マリンバと私をつなぐバディ「マレット」
my things 一筆書き vol.3

2025年9月、私はJunko Fukutake Hallで開催された、内山詠美子さん出演のコンサートに足を運びました。そこで奏でられていたマリンバの音色は、優しくてやわらかく、身体全体が包み込まれるようなあたたかさがありました。 演奏中に内山さんが持っていたのは、籐でできた細長い持ち手の先に、白い毛糸で丸い形に巻かれているマレットです。舞台上には、長さや丸の大きさが違う十数本のマレットが用意されています。左右の手で2~3本ずつ持ち、1曲が終わるごとに持ち替えながら演奏していました。

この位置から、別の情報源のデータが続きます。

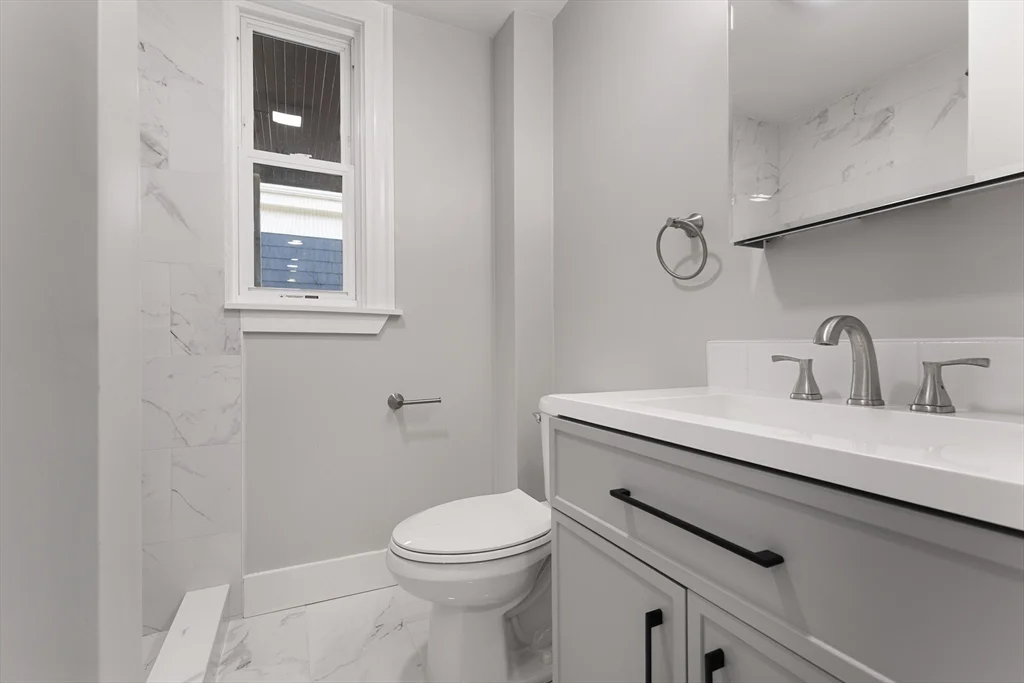 3 bed, 2 bath apartment for rent at 64 Bakersfield Unit 3, Dorchester — photo 10 of 20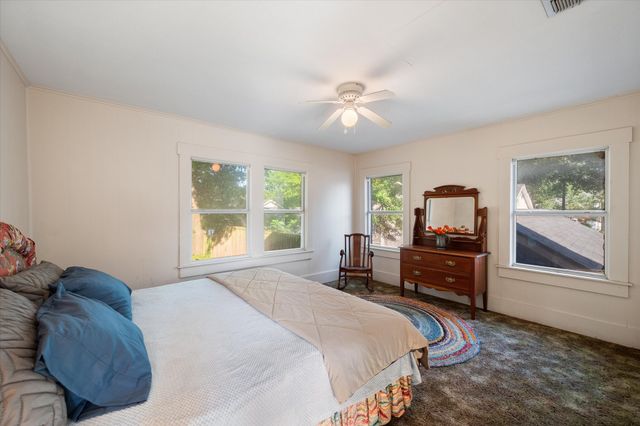 1508 Sycamore Avenue, Corsicana, TX 75110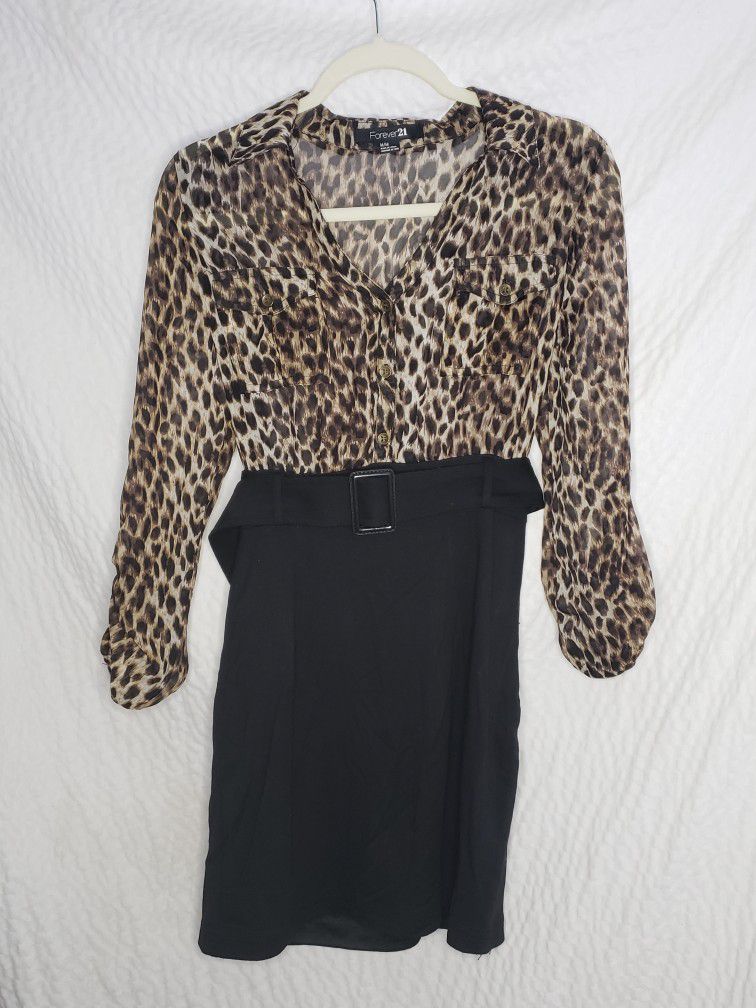 FOREVER 21 cheetah Print/solid Dress (Size M)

後日、拠点であるオーストリアに戻った内山さんに話を伺うことができました。当日使っていたものだけでなく、所持している約50本のほとんどが、恩師である安部圭子さんモデルのマレットだといいます。マリンバ奏者は色々なメーカーやモデルを何百本と持ち、演奏する曲によって使い分けている人が多いなか、内山さんは大学生時代から同じモデルを使い続けてきました。 「曲調によって、マレットを使い分ける演奏者が多いですが、私はどんな曲でも安部先生モデルのマレットを使っています。マリンバの音色を変えるのは、マレットではなく演奏者の腕だと、安部先生の姿を見て学びました。何より、これ以上ないくらいマレットの音色が素晴らしいんです。何度も修理に出したり買い替えたりしながら大切に使い続けています」 マリンバ奏者として腕を磨いてきた一方で、ここ数年は「マリンバが鳴りたいように鳴らせてあげることも必要」と考えるようになりました。マリンバの声を聴いていると、時折マリンバが勝手に歌っているかのように、気持ちよく演奏できることがあるといいます。 今やマレットは、内山さんとマリンバとの会話をつないでくれる存在。「内山さんにとってマレットとは?」と聞くと、少し考えた末に「バディ!」との回答が。マレットの特性に頼りすぎず、自身の演奏技術を磨いてきた内山さんだからこそ、演奏するための道具を超えた、マレットとの信頼関係を感じました。